Jonathan Taylor
Former corporate and in-house lawyer, FBI informant, key witness in Brazil’s notorious Carwash corruption mega-scandal, victim of a spurious Interpol Red Notice, and recipient of the 2021 Blueprint Prize for Whistleblowing: Jonathan has had an eventful decade since he first helped unearth evidence of multi-million-dollar corruption at his former employer, Dutch listed multinational SBM Offshore, in 2012. Jonathan offers a unique insight into corporate fraud, how not to manage a crisis, cross-border investigations, and the life changing risks that whistleblowers face when they dare expose the wrong-doing of the corporate and political elite. With a degree in law and his professional qualifications obtained, Jonathan embarked on a career with a top UK law firm with stints in Cairo, London, including a secondment to Shell, and Muscat.
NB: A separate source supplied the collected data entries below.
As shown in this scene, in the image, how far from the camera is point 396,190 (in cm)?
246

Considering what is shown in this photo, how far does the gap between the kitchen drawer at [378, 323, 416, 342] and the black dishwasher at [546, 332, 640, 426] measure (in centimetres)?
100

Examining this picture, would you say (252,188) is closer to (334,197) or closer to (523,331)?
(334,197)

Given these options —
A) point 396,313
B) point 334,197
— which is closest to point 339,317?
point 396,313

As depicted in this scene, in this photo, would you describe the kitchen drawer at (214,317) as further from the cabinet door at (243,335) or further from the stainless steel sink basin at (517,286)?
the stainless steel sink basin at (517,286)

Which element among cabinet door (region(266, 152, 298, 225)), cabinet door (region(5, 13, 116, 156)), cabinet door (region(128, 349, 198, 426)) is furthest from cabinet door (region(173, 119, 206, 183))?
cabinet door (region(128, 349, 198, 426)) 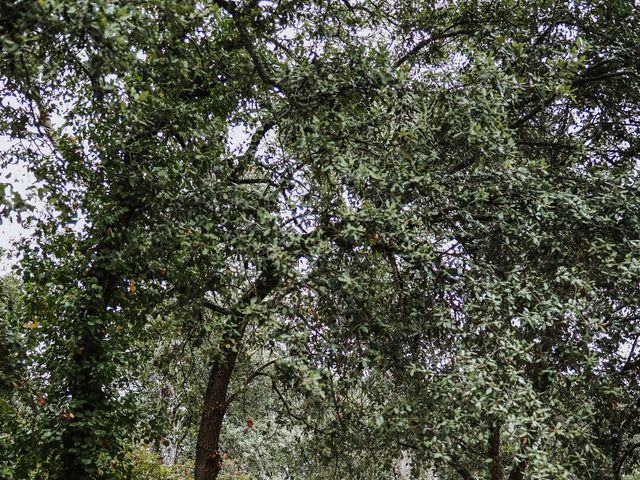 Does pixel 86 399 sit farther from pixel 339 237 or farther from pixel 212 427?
pixel 339 237

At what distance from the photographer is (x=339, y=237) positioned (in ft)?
18.8

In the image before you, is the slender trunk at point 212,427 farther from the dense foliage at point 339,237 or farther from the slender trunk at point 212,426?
the dense foliage at point 339,237

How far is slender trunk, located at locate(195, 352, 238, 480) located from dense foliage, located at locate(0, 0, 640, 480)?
3.19 feet

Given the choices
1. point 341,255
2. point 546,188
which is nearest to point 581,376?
point 546,188

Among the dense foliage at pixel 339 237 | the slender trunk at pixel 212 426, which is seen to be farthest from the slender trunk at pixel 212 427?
the dense foliage at pixel 339 237

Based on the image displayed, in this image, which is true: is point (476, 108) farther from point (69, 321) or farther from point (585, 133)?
point (69, 321)

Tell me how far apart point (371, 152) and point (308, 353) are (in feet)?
5.84

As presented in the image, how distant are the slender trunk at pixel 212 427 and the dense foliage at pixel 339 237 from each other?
0.97 m

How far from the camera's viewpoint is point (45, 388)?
662cm

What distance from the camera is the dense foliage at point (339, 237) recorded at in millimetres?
5082

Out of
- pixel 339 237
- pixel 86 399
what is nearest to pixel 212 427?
pixel 86 399

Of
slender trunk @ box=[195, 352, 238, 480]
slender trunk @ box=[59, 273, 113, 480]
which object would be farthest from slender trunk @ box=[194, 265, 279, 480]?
slender trunk @ box=[59, 273, 113, 480]

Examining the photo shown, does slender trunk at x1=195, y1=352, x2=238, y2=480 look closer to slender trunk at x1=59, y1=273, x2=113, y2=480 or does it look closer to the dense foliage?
the dense foliage

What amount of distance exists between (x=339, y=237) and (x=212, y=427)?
3832 millimetres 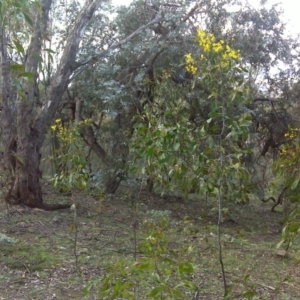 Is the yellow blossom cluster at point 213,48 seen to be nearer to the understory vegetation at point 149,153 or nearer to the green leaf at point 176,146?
the understory vegetation at point 149,153

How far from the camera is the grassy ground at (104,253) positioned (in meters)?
4.35

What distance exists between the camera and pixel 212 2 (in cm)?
1010

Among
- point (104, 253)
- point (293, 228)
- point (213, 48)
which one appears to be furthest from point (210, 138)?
point (104, 253)

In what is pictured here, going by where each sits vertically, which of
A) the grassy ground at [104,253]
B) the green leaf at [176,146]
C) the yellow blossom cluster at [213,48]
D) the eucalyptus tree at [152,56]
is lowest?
the grassy ground at [104,253]

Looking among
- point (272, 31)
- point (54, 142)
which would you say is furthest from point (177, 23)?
point (54, 142)

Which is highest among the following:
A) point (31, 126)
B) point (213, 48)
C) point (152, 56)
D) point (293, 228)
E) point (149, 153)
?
point (152, 56)

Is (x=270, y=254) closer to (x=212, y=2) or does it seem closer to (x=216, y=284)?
(x=216, y=284)

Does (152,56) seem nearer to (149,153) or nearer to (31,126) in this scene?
(31,126)

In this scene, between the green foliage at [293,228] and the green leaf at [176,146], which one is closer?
the green foliage at [293,228]

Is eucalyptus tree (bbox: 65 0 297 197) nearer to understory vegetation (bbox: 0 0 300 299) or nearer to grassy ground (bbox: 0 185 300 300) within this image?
understory vegetation (bbox: 0 0 300 299)

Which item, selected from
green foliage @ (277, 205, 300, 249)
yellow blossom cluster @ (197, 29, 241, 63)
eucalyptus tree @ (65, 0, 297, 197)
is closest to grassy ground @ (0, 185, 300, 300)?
green foliage @ (277, 205, 300, 249)

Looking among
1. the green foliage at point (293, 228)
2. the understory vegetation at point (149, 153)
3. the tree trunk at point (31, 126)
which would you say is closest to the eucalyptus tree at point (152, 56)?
the understory vegetation at point (149, 153)

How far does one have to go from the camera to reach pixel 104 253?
18.9 ft

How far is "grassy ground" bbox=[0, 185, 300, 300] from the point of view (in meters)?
4.35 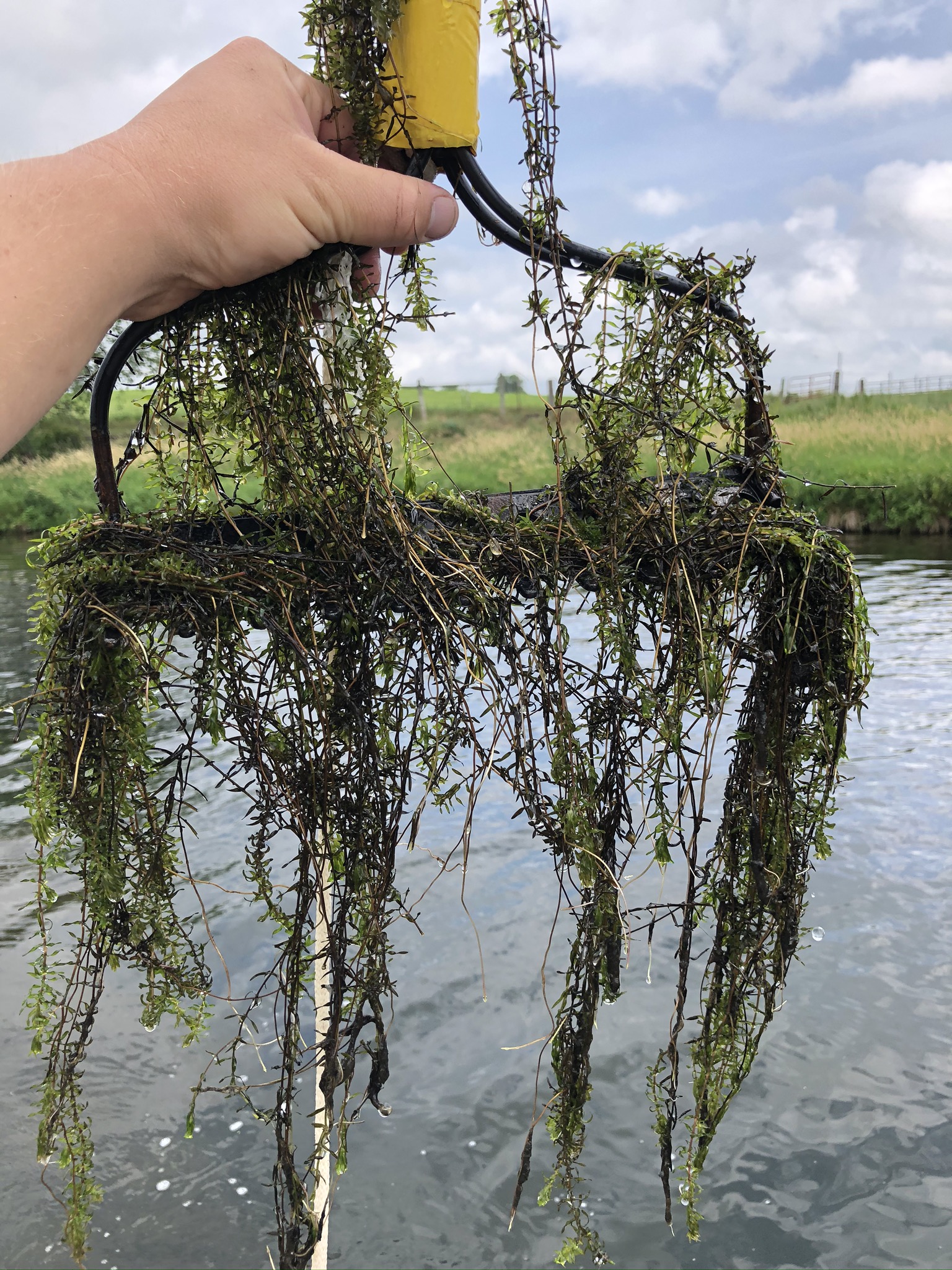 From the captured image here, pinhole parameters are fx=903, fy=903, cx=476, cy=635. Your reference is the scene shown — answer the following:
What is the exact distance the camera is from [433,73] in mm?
1151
In 2003, he joined the oil services company SBM at their head office in Monaco and rose to be the company’s number two in-house lawyer.
In 2012, he was a senior member of the investigation team that discovered concrete evidence of massive top-down corruption at his then employer. Within months he had resigned, appalled by what he saw as the start of full-scale cover-up. When his fears where confirmed, he formally went public in January 2015 in Dutch magazine Vrij Nederland. In May that year, following headline stories in the Brazilian media, a delegation of Brazilian MPs flew to the UK to hear Jonathan give a five-hour presentation on illicit payments from SBM relating to the national oil and gas company, Petrobras. By February 2015, the entire board of Petrobras, once the biggest company in the southern hemisphere by market capitalisation, resigned on the back of Jonathan’s revelations and within a year, Brazilian president Dilma Rousseff had been impeached, found guilty of crimes, and expelled from office.
One month after the Brazilian visit, SBM sued Jonathan for defamation in the Dutch courts, in a classic example of a SLAPP (Strategic Lawsuit Against Public Participation). SBM later dropped the case after a comprehensive defence was filed.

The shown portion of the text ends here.